Wei WuXian, “Lalu kenapa kamu tidak mengatakan apa pun?”

Wen Ning, “Saya melihat Anda sedang berbicara dengan HanGuang-Jun, Tuan Muda, jadi saya tidak…”

Wei WuXian, “Kalau begitu, bukankah seharusnya kau bersuara sedikit??”

Sambil memegang dayung di tangannya, Wen Ning memprotes, “Tuan Muda, saya mendayung perahu. Saya selalu berisik. Apa Tuan tidak dengar?”

“…” Wei WuXian melambaikan tangannya, “Aku tidak menyadarinya. Cukup, cukup, berhenti mendayung. Air di sini deras di malam hari. Perahu akan tetap melaju tanpa perlu kau dayung.”

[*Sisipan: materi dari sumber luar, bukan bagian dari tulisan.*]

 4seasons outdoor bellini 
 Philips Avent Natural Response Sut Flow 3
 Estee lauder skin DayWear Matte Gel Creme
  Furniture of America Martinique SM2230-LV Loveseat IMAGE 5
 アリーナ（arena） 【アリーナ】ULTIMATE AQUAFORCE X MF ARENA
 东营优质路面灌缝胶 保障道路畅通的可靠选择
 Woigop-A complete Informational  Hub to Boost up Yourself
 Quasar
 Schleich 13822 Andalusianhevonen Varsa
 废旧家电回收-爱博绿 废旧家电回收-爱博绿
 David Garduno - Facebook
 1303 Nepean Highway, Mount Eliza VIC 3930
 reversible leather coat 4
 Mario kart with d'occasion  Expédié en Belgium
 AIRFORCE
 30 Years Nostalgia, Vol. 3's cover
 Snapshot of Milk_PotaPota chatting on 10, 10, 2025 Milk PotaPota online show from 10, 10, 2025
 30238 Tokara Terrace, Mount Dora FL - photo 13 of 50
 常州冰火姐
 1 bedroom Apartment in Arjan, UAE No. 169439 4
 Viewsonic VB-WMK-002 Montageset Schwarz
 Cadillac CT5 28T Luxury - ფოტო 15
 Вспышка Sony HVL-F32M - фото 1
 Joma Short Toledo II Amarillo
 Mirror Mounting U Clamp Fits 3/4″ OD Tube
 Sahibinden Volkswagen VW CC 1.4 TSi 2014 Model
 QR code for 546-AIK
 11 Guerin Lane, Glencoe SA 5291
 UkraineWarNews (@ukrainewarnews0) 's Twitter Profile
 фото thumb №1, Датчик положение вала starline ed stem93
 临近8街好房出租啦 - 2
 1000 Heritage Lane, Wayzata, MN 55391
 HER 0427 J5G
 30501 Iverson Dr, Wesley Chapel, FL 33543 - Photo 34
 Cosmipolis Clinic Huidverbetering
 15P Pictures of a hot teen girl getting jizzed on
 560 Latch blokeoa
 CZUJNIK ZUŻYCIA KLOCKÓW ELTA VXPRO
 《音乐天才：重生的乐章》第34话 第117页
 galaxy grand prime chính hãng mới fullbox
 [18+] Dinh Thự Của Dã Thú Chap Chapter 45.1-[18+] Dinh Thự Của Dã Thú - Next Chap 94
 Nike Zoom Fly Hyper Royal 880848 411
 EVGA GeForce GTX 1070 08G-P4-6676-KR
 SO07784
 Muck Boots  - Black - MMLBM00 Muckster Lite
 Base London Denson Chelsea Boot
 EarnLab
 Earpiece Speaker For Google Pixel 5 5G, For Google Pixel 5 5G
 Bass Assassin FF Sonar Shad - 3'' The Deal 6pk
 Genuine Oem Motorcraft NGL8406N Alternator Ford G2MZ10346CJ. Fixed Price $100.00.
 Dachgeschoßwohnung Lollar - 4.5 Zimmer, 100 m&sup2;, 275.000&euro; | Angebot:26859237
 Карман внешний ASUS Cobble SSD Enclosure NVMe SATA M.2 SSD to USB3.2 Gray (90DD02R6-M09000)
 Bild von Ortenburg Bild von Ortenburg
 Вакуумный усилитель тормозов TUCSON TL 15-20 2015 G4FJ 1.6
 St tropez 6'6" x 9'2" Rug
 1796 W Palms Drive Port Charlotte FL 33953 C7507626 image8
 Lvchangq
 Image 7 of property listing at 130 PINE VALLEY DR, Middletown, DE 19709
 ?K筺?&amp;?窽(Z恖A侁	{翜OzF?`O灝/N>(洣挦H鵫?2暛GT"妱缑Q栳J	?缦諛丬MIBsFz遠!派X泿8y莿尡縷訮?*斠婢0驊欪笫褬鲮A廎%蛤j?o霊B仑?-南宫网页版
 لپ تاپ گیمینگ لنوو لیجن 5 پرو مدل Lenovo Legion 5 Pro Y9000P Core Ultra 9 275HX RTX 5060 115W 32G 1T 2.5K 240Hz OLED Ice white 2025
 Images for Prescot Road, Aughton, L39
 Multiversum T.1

Ia tumbuh besar di Yunmeng, berenang di perairan di sini sejak kecil, jadi tentu saja ia familier. Wen Ning menurut dan menurunkan dayungnya. Dengan penuh keraguan, ia duduk di ujung, hampir 1,8 meter dari mereka berdua. Pukul tiga pagi ketika mereka tiba di Yunmeng. Setelah begitu banyak hal terjadi, fajar telah menyingsing. Putih bersinar di balik birunya langit. Pegunungan di kedua sisi sungai akhirnya terlihat.

Sambil melihat sekeliling, Wei WuXian tiba-tiba berseru, “Aku lapar.”

Lan WangJi mendongak. Tentu saja, Wei WuXian sama sekali tidak lapar. Ia baru saja makan tiga pai di penjual di depan gerbang Dermaga Lotus. Namun, Lan WangJi hanya makan satu, dan itu satu-satunya yang dimakannya dalam dua hari terakhir. Hal itu terus terbayang di benak Wei WuXian. Di hadapan mereka, tampaknya hampir tidak ada tanda-tanda keberadaan manusia. Kemungkinan besar mereka harus terus berkelana untuk waktu yang lama sebelum mencapai sebuah kota untuk beristirahat dan makan.

Lan WangJi menjawab beberapa saat kemudian, “Minggir?”

Wei WuXian, “Tidak banyak orang di pantai sini, tapi aku tahu tempat untuk dituju.”

Wen Ning segera mengambil dayung dan mendayung ke arah yang ditunjuknya. Tak lama kemudian, feri berbelok ke cabang sungai dan hanyut ke danau teratai.

Di danau terdapat daun-daun teratai dengan ketinggian yang berbeda-beda, hampir membentuk selimut. Perahu tipis itu menerobos batang-batang yang berdesakan dan meluncur menuju kedalaman danau. Dilihat dari atas, mengikuti perahu itu adalah deretan daun teratai yang melambai-lambai. Berjalan di antara payung-payung hijau, menyibakkan daun besar, dan menemukan polong-polongan biji yang montok tersembunyi di bawahnya, satu demi satu—rasanya seperti menemukan harta karun kecil. Sambil menyeringai, Wei WuXian hendak meraihnya ketika Lan WangJi tiba-tiba memanggil, “Wei Ying.”

Wei WuXian, “Ada apa?”

Lan WangJi, “Apakah ada pemilik danau ini?”

Wajah Wei WuXian benar-benar jujur, “Tentu saja tidak.”

Tentu saja ada. Sejak Wei WuXian berusia sebelas tahun, ia sering mencuri polong biji teratai dan kastanye air di berbagai danau di Yunmeng. Awalnya ia sudah lama meninggalkan hobi itu, tetapi sekarang karena mereka perlu mencari makan agar bisa terus bertahan, ia harus kembali ke kebiasaan lamanya.

Suara Lan WangJi terdengar suam-suam kuku, “Kudengar semua danau teratai di sini ada pemiliknya.”

“…” Wei WuXian, “Hahahahahahaha, benarkah? Sayang sekali. Kau sudah dengar banyak hal, ya? Aku bahkan belum pernah dengar ini. Ayo pergi.”

Setelah ketahuan, tentu saja ia tidak sebegitu tak tahu malunya sampai-sampai mengajak Lan WangJi ikut melakukan hal bodoh seperti itu. Rasanya tidak pantas kalau HanGuang-Jun yang terkenal itu mencuri biji teratai di danau orang lain. Saat ia hendak mengambil dayung karena malu, Lan WangJi mengulurkan tangan dan memetik salah satu biji teratai.

Dia menyerahkan polong biji itu kepada Wei WuXian, “Tidak ada waktu berikutnya.”